But I've seen this movie before. You know, the one where a majority of organizations take a dim or ultraconservative view of some new technology and by the time a startup, competitor, or other early adopter has used it to wholly disrupt an entire industry, it's too late to react?
With the need for that sort of education, awareness, and management of the barriers in mind, Blockchain Journal intends to be the world's go-to source of information for enterprises interested in exploring the connection between the unique capabilities of DLT and their underserved opportunities for digital transformation, business innovation, and industry disruption.
- Choosing from Among the Many DLTs: Once our efforts in the areas of vocabulary and awareness have sufficiently whetted your appetite for a DLT project or strategy, selecting a ledger from the thousands of offerings out there (yes, there's more to DLT than just Bitcoin and Ethereum) can be daunting. But don't worry, Blockchain Journal will have you covered there as well.
For starters, if you're looking for some sort of Top Ten list of the best enterprise-grade DLTs, you've come to the wrong place.
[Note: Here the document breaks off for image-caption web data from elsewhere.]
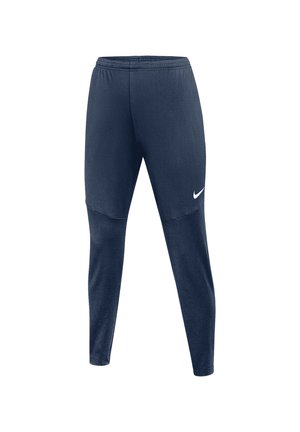 PARK 26 TRAININGS FUSSBALL - TEAMSPORT - Jogginghose - blauweiss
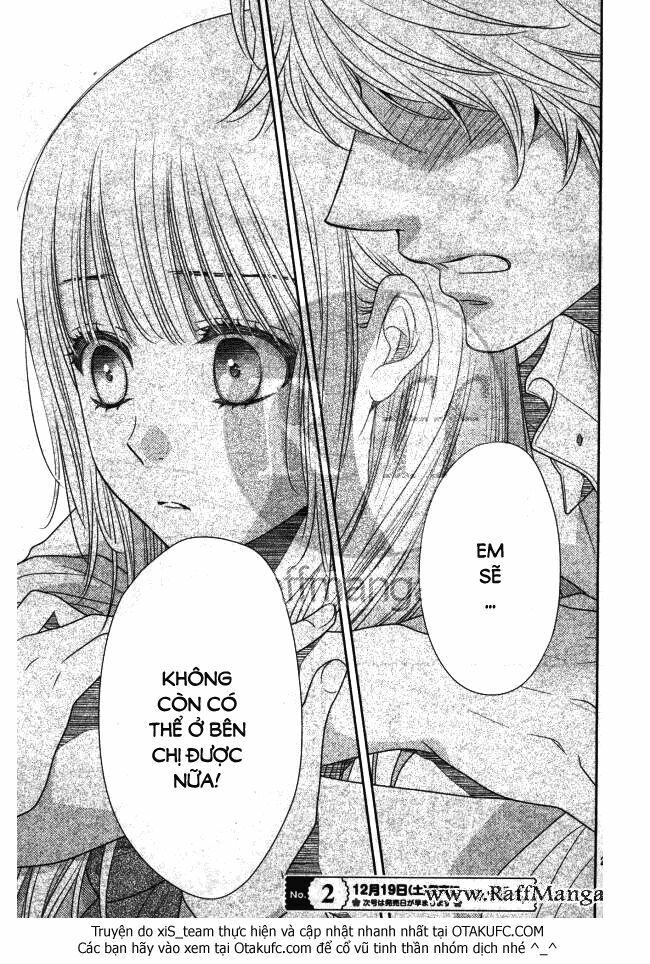 Nanoka no Kare: Chapter 47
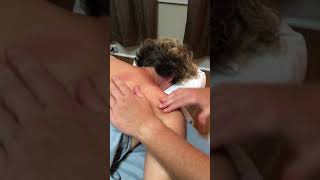 Jon Clancy- Rotator Cuff NMT Routine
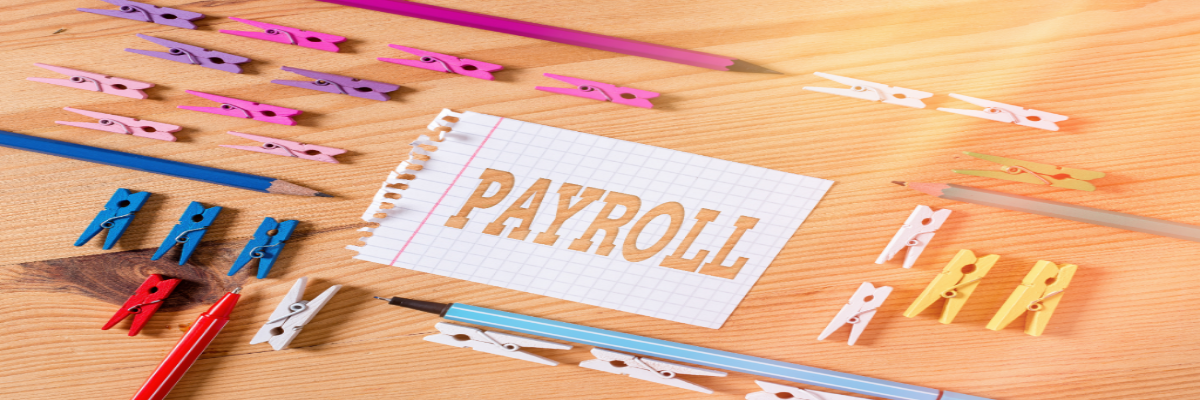 Payroll Processing Connecticut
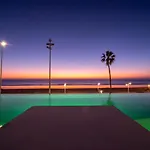 Szálloda Bahía By Qhotels 4*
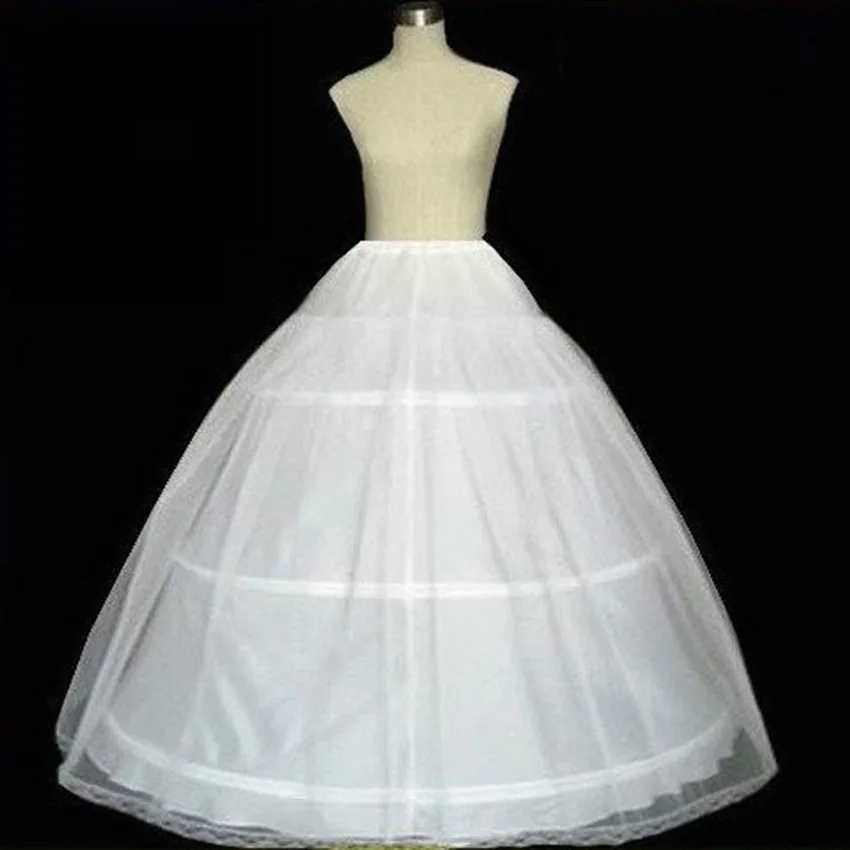 Ruby Bridal 2020 дешевые оптовые Белые Длинные бальные платья свадебные Подъюбники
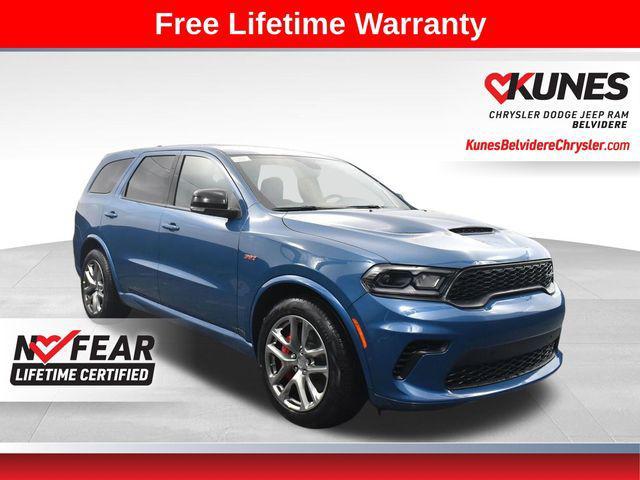 used 2024 Dodge Durango car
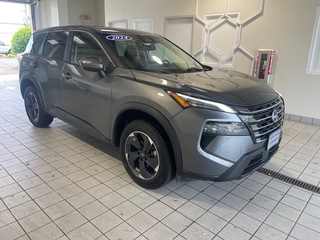 2024 Nissan Rogue for sale in Bowling Green KY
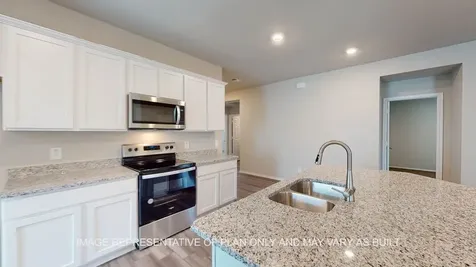 5640 Drake Drive Orange TX 77632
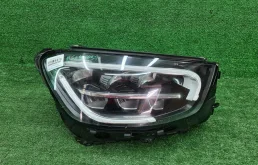 0000006697037 Фара правая Mercedes GLC X253 (2019-2022) LED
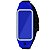 Pochete QUANTA Esportiva para Smartphone Azul - Imagem 1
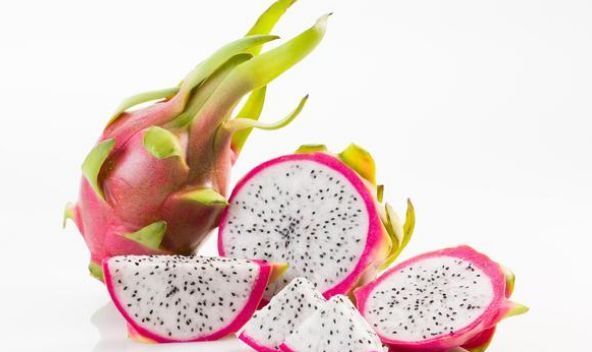 火龙果|长期便秘太痛苦?日常多吃这5种食物,帮助润肠通便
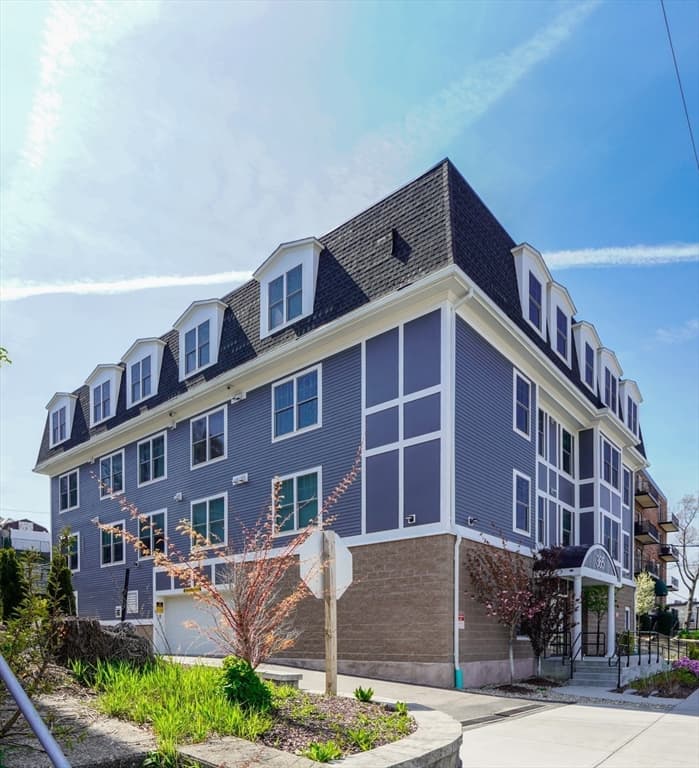 365 Newport Ave #103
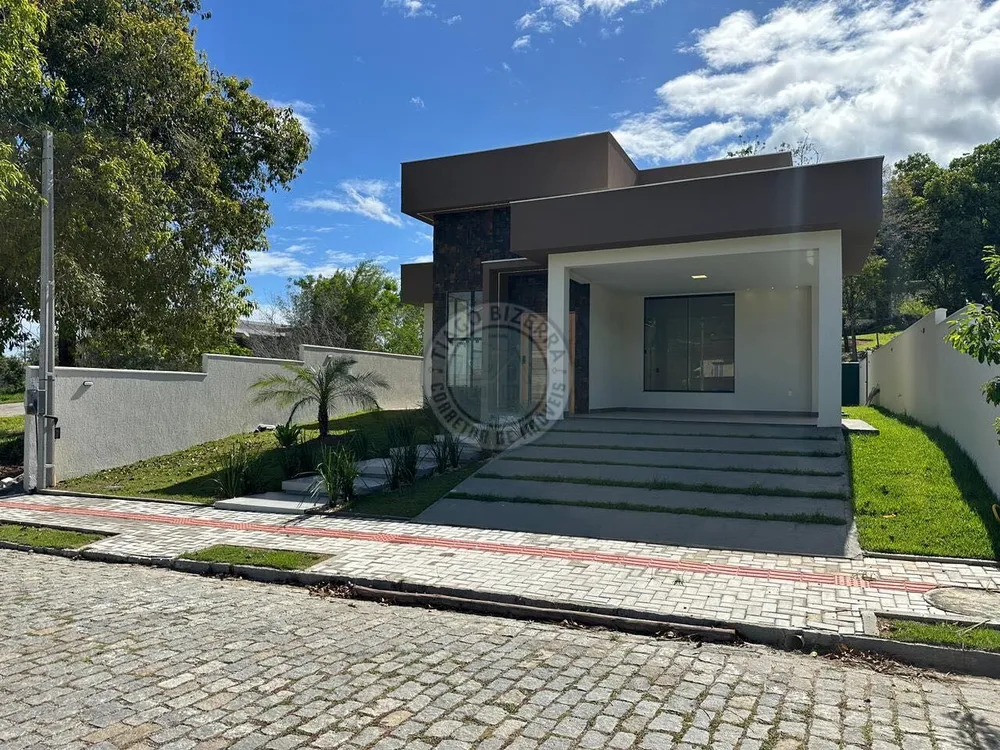 Casa de Condomínio, 3 quartos - Foto 3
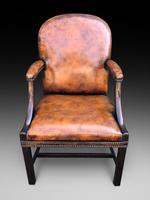 Pair of 20th Century Gainsborough Armchairs (2 of 4) Pair of 20th Century Gainsborough Armchairs (2 of 4)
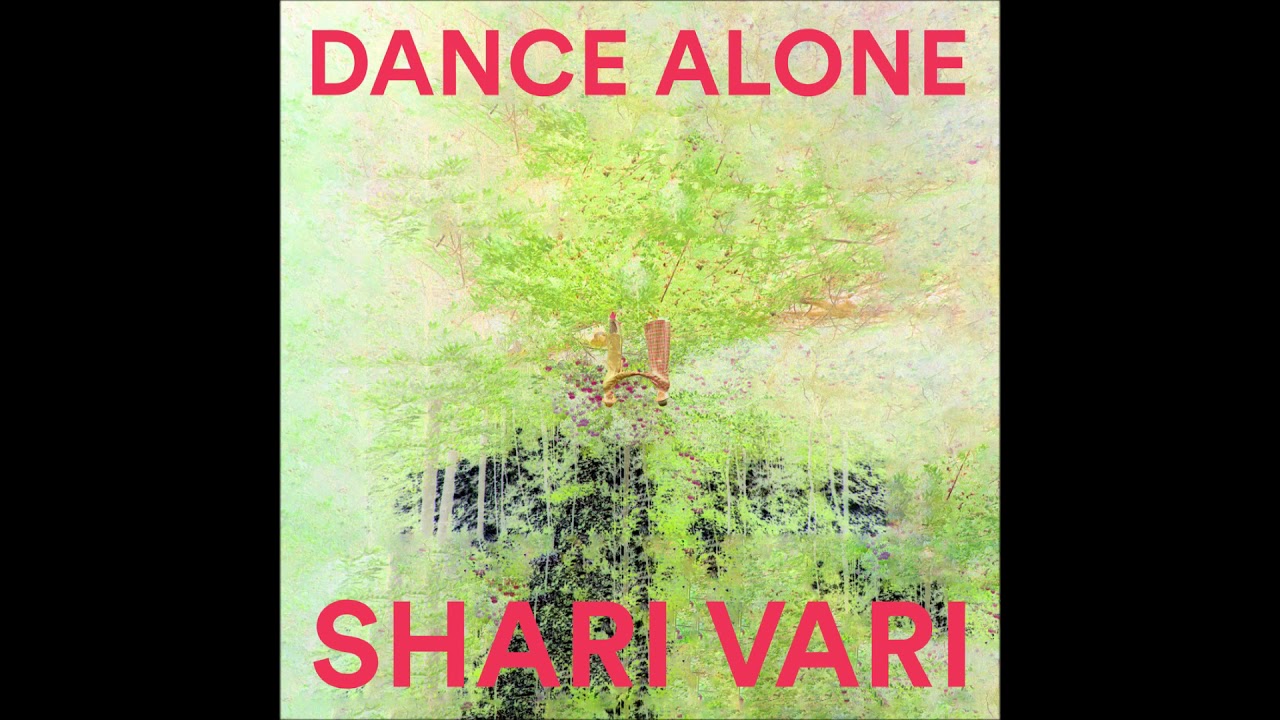 Shari Vari - Dance Alone (Manfredas Extended Dance Remix) [MTDGTL002]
As you may have heard, "give a man a fish, feed him for a day; teach a man to fish and feed him for a lifetime." After working with this audience for more than three decades, I've learned that IT professionals are extremely contemplative and diligent in making their selections for just about every category of strategic technology. They rarely act immediately on the recommendations of others and prefer to research the attributes of the competing solutions in the context of the criteria that's most important to them.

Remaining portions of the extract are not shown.